Apache Kafka is a distributed streaming system that can publish and subscribe to a stream of records. In another aspect, it is an enterprise messaging system. It is a highly fast, horizontally scalable, and fault-tolerant system. Kafka has 4 core APIs
- Producer API Allows clients to connect to Kafka servers running in the cluster and publish the stream of records to one or more Kafka topics
- Consumer API Allows clients to connect to Kafka servers running in the cluster and consume streams of records from one or more Kafka topics. Kafka consumes the messages from Kafka topics.
- Streams API Allows clients to act as stream processors by consuming streams from one or more topics and producing the streams to other output topics. This allows transforming the input and output streams.
- Connector API Allows writing reusable producer and consumer code. For example, if we want to read data from any RDBMS to publish the data to the topic and consume data from the topic and write that to RDBMS. We can create reusable source and sink connector components for various data sources.
Use cases
Kafka is used for the below use cases:
- Messaging System Kafka is used as an enterprise messaging system to decouple source and target systems to exchange data. Kafka provides high throughput with partitions and fault tolerance with replication in comparison to JMS.
- Web Activity Tracking This is done to track user journey events on the website for analytics and offline data processing.
- Log Aggregation This processes the log from various systems, especially in distributed environments with microservices architectures in which the systems are deployed on various hosts. We need to aggregate the logs from various systems and make the logs available in a central place for analysis.
- Metrics Collector Kafka is used to collecting metrics from various systems and networks for operations monitoring. There are Kafka metrics reporters available for monitoring tools like Ganglia, Graphite, etc.
Broker An instance in a Kafka cluster is called a broker.
In a Kafka cluster, if you connect to a broker, you will be able to access the entire cluster.
The broker instance that we connect to in order to access the cluster is known as a bootstrap server.
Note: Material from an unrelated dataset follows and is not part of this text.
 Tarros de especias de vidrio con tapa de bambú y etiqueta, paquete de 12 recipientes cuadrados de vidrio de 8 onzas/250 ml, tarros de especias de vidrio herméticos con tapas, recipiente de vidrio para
Each broker is identified by a numeric ID in the cluster.
To start a Kafka cluster, three brokers is a good number, but there are clusters with hundreds of brokers.
A topic is a logical name to which the records are published.
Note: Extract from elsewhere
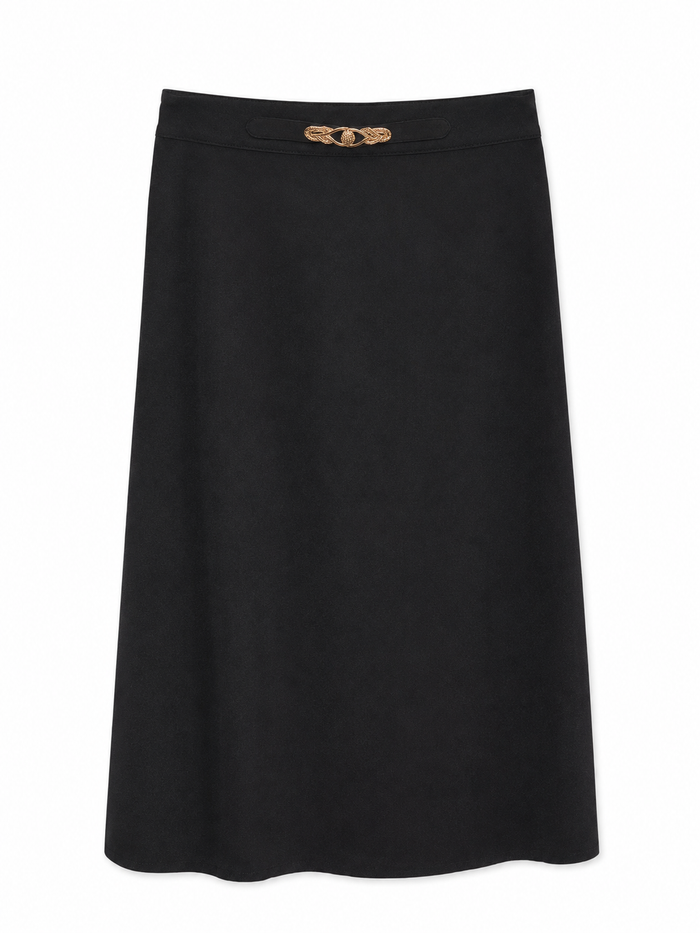 skirt midi wool a line with gold chain - black
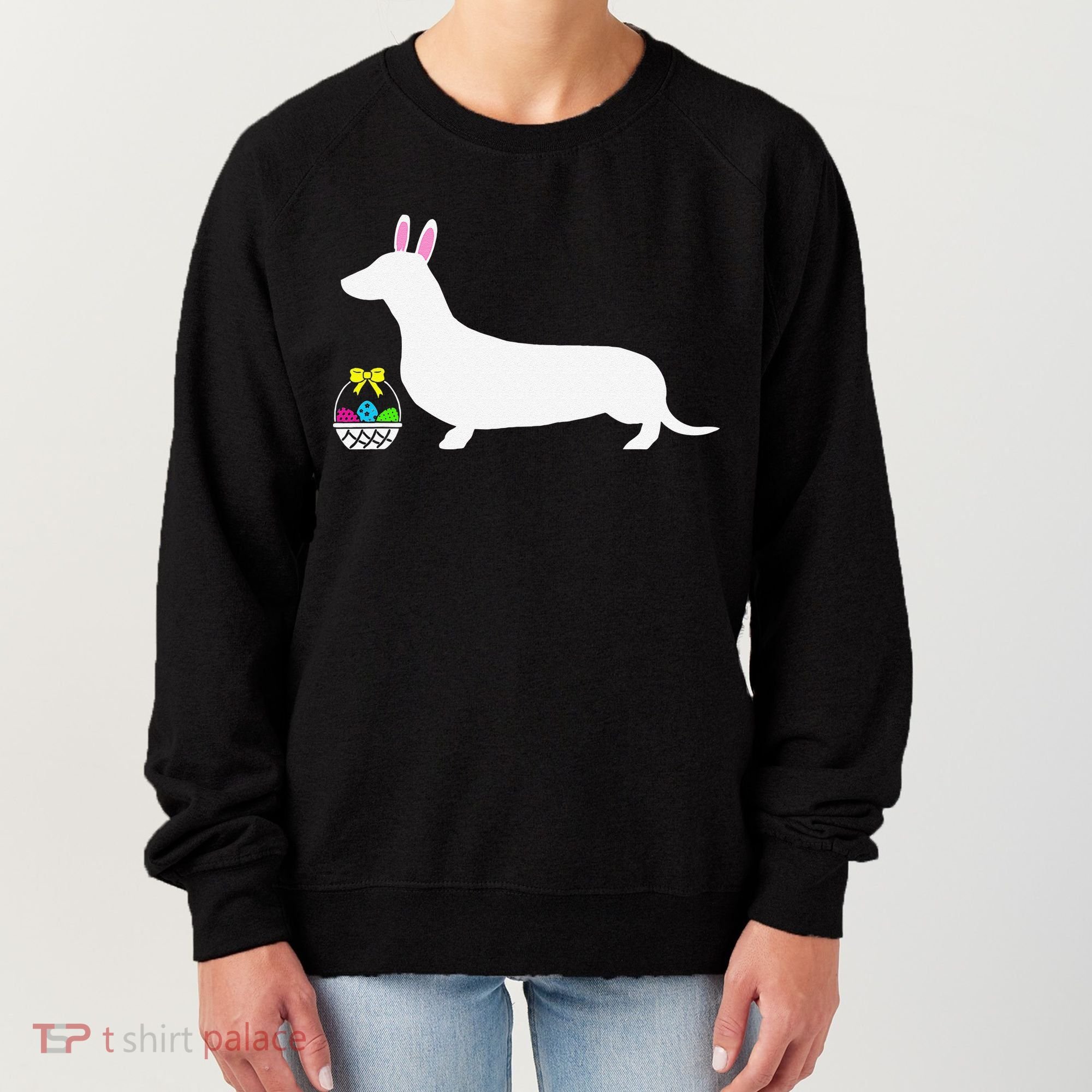 Dachshund Easter Bunny Dog Silhouette Women's Sweatshirt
Internally, the topic is divided into partitions to which the data is published.
These partitions are distributed across the brokers in the cluster.
For example, if a topic has three partitions with three brokers in the cluster, each broker has one partition. The published data to partition is append-only with the offset increment.
-
Below are some points we need to remember when working with partitions.
- Topics are identified by name. We can have many named topics in a cluster.
- The order of messages is maintained at the partition level, not across topics.
- Once the data written to the partition, it is not overridden. This is called immutability.
- The messages in partitions are stored with keys, values, and timestamps. Kafka ensures publishing the message to the same partition for a given key.
- From the Kafka cluster, each partition will have a leader that will take read/write operations to that partition.